CREATIVE NONFICTION / MEMOIR
CONCEPTUAL / EXPERIMENTAL
Release Date: February 22, 2017
#RECURRENT / Civil Coping Mechanisms
OUT OF PRINT
In his radical memoir, As I Stand Living, Christopher Higgs uses the constraint based techniques William Faulkner employed for the construction of As I Lay Dying to create a deeply personal and philosophical portrait of the year he became a father. Blending elements of fantasy and confession, Higgs confronts parenthood by divulging his most intimate fears, secrets, sorrows, and hopes as a writer, husband, and teacher. A methodically composed and paradoxical blend of inextricably vulnerable emotion and objective fascination, As I Stand Living renders visible the tension between mediation and transparency when attempting to represent, capture, and convey a lived experience on the cusp of its future.
“Fuck understanding,” Christopher Higgs writes in his yearlong project, “live in confusion.” For Higgs, the self is not so much a mystery as an opinionated porosity. Things tumble into it—junk food, poetry, family, career, mass culture—while time is tracked by tiny rises (and on a bad day, dips) in the number of Higgs’s Twitter followers. Though purposely artless, Higgs offers some stunning passages, such as an extended rant about his probable deaths, which makes the ground of reality tremble. Simultaneously superficial and profound—like all worthwhile books—As I Stand Living is a highly-relatable manifesto against relatability.
— DODIE BELLAMY, author of When the Sick Rule the World and The TV Sutras
As its title might suggest, Christopher Higgs’s As I Stand Living takes a couple of cues from Faulkner, including the constraint under which it was written. But Higgs takes the narrative of this self-described “radical memoir” to some decidedly non-Faulknerian places, including ruminations on the LA Lakers’ playoff chances, black metal, the role of experimental poetry in life, and the fantasy epics of Terry Goodkind. The big questions of life sneak up on you as you read it, from the role of art in life to the experience of parenthood. Out of the smallest details can come revelations.
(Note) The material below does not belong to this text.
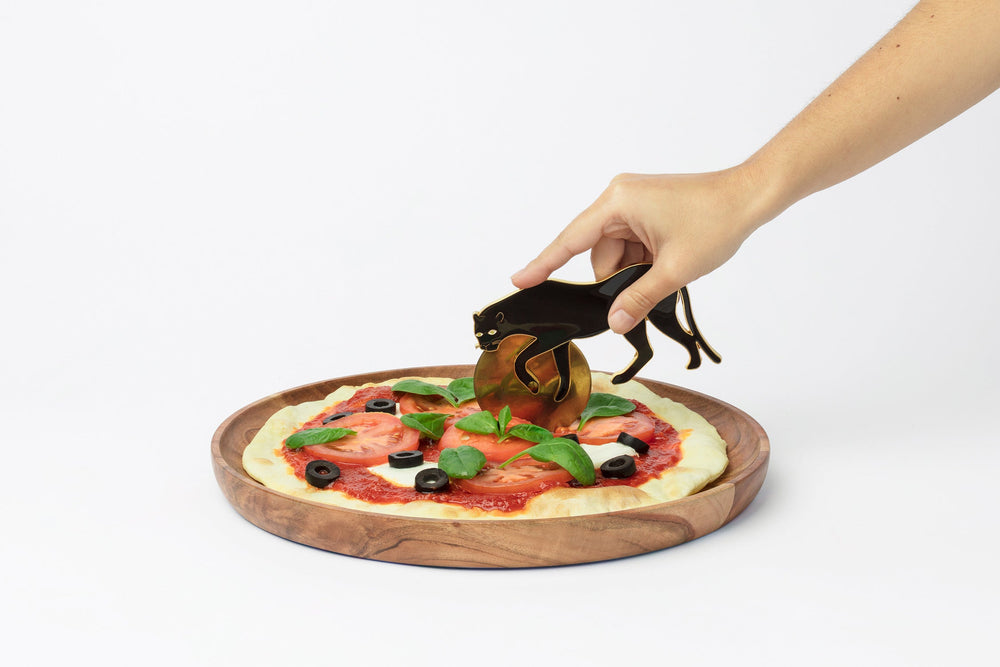 "Savanna" Panther Pizza Cutter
— TOBIAS CARROLL, author of Reel and Transitory
In As I Stand Living, Christopher Higgs vitalizes the memoir with irreverent intelligence and savage emotion, an emotion that preys on insecurity as much as desire, truly human emotion—cerebral and untamed. This book is a gift of hope in a dreadful time, an equal distribution of sorrow and glee.
— LILY HOANG, author of A Bestiary
In this age of the total digital equalization of every conceivable register of human experience, As I Stand Living is exemplary: the Lakers’ current standing in the playoff hunt is presented to the reader as no more or less worthy of authorial interest and documentation than a theorization of kitsch or a quick note about what the author had for dinner or updates on his academic job search. What is referred to as a “constraint” in reference to modeling the book’s composition on Faulkner’s method turns out to be truly liberating; with no plan, no map, no preconceptions, the book rushes headlong toward its own unknowable future. Along the way, Higgs dispenses with the pleasantries and strictures and familiar contrivances of narrative nonfiction for the sake of something true and honest and brazen: he allows the book to exist in its affirmative, differential, nomadic state—the state of pure becoming.
— EVAN LAVENDER-SMITH, author of Avatar
CHRISTOPHER HIGGS lives in Los Angeles with his wife and son, where he teaches narrative theory and technique at Cal State Northridge. He wrote The Complete Works of Marvin K. Mooney: a novel, released by Sator Press, and he assembled the SPD #1 Bestselling novel ONE, in collaboration with Blake Butler and Vanessa Place, released by Roof Books. In addition to publishing two chapbooks, Colorless Green Ideas Sleep Furiously (Publishing Genius) and Becoming Monster (The Cupboard), he’s written for numerous print and online venues, including: Pleiades, New Theory, Diagram, AGNI, Denver Quarterly, Global Queer Cinema, and The Paris Review Daily.